Grâce à l’association de malfaiteurs, la justice peut ne pas être très regardante sur les preuves. Prenons un exemple récent, le procès d’Abdelkader Merah. Il était poursuivi pour complicité concernant les crimes de son frère. Mais l’enquête n’avait pas réellement permis de mettre au jour des éléments de preuve, indispensables pour établir la complicité. Il a donc été innocenté sur ce volet. En revanche, il a été condamné pour association de malfaiteurs.

Joe6pack : Ne pensez-vous pas que la DCRI, ce super FBI français créé par Sarkozy sur mesure pour son allié Squarcini, était trop occupée à traquer des Julien Coupat au lieu de surveiller sérieusement des Mohamed Merah ?

C’est un peu plus compliqué. Si la DCRI n’avait pas surveillé (et ne surveillait pas) Julien Coupat, elle n’aurait pas attrapé pour autant Mohamed Merah, qu’elle a laissé filer en raison d’une erreur d’appréciation. En revanche, l’affaire de Tarnac montre que le système antiterroriste (renseignement et judiciaire) était dysfonctionnel et incapable de tirer les leçons de ses erreurs avant la vague d’attentats meurtriers qui ont touché la France. Ce qui s’est tragiquement confirmé par la suite.

Krimssone : Si ma mémoire est bonne, cette affaire n’avait-elle pas été gonflée par les rivalités des services de sécurité de l’Etat et par Michèle Alliot-Marie pour son profit et se faire mousser ? Je lis qu’elle ne viendra pas, ni Squarcini. Les magistrats ont-ils l’intention de les entendre ?

Pas pour l’instant, mais le tribunal se réserve cette possibilité, sous réserve que cela soit utile à la manifestation de la vérité. C’est peu probable, tant cela orienterait l’audience dans une direction très politique.

Archie : Y a-t-il la moindre chance qu’une enquête ait lieu sur les manipulations auxquelles se sont livrés la police et le renseignement ? Une commission d’enquête parlementaire ?

Les mis en examen ont engagé des procédures pour faux, mais elles n’ont pas abouti. Politiquement, certains membres du Parti socialiste, dont François Hollande, ont pris la défense des mis en examen à l’époque, mais sans aller jusqu’à la commission d’enquête. Et puis ensuite, ils sont arrivés au pouvoir. Et maintenant…

Benatt : Il y a bien eu un crochet sur une caténaire : si ce n’est pas Julien Coupat, ce seraient d’autres « malfaiteurs » ?

C’est une question à laquelle l’enquête policière ne s’est pas du tout intéressée. D’autant plus que trois autres sabotages ont eu lieu simultanément ailleurs en France et étaient donc coordonnés.

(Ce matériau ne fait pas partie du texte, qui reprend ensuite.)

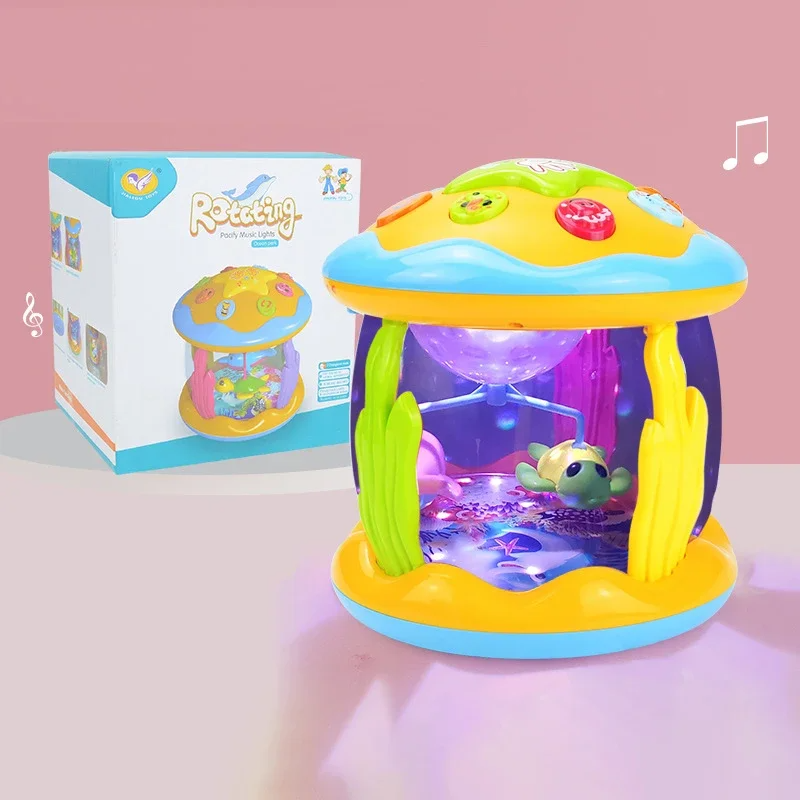 Turtle aquarium projector toy with a purple underwater scene beside its retail box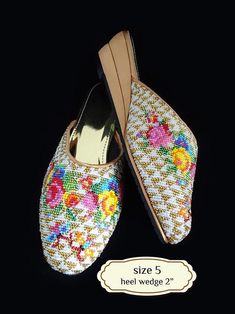 Peranakan beaded slippers, also known as kasut manek, meaning beaded shoes, is worn by a Nyonya to complete her Sarong Kebaya outfit. The colours and motifs for Nyonya beadwork often reflect a combination of Chinese, Malay, Indian and European influences.  In the past, young female Nyonyas were required to make a pair for themselves and their husbands to be. Kasut manek suitable to wear with sarong-kebaya for a traditional look, and suitable for a casual look too. Panel is cushioned for comforta Traditional Handmade Slippers With Round Toe, Traditional Embroidered Round Toe Slippers, Traditional Flat Heel Summer Slippers, Traditional Multicolor Slip-on Slippers, Traditional Multicolor Closed Toe Slippers, Traditional Summer Slippers With Round Toe, Traditional Flat Slippers For Summer, Traditional Embroidered Slip-on Slippers, Traditional Round Toe Slippers For Summer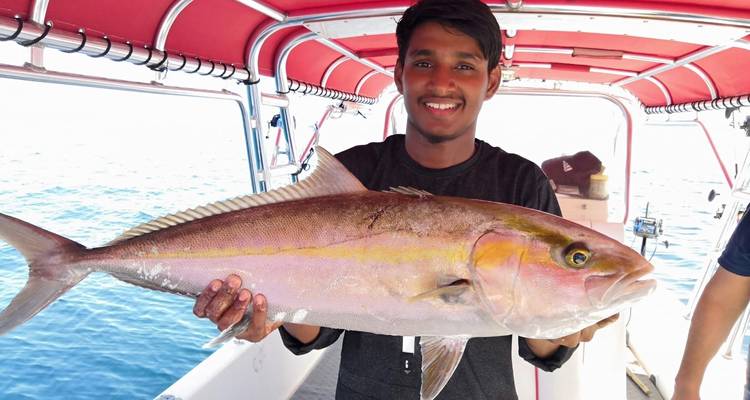 Mann, der einen großen Fisch auf einem Boot auf dem Wasser hält.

Mais il n’y a jamais vraiment eu d’enquête sur ceux-là.

Paul Ricard : Si ce ne sont pas eux qui ont fait le coup, qui l’a fait ?

Les sabotages ont été revendiqués par des antinucléaires allemands, qui avaient déjà utilisé cette technique par le passé, d’ailleurs. La piste n’a jamais été creusée.

Papa Nurge : Ce procès va-t-il être aussi celui des enquêteurs, lesquels ont notamment fait l’impasse sur cette piste des antinucléaires allemands ?

Les enquêteurs viennent d’obtenir le droit d’être entendus anonymement… donc la défense va essayer, mais ça ne va pas être évident.

Benatt : Combien de temps Julien Coupat et son ex-compagne ont-ils passé en prison ?

Six mois pour Julien Coupat, deux mois pour Yildune Lévy.

Punknotdead : Y a-t-il un risque que Yildune Lévy charge son ex-compagnon pour se dédouaner ?

Non.

Bboy22 : Dix ans pour juger cette affaire… Ce n’est pas un peu long ?

D’autant plus que certaines années, quasiment aucun acte d’enquête n’a été effectué, et que cela fait quatre ans que l’instruction elle-même est achevée.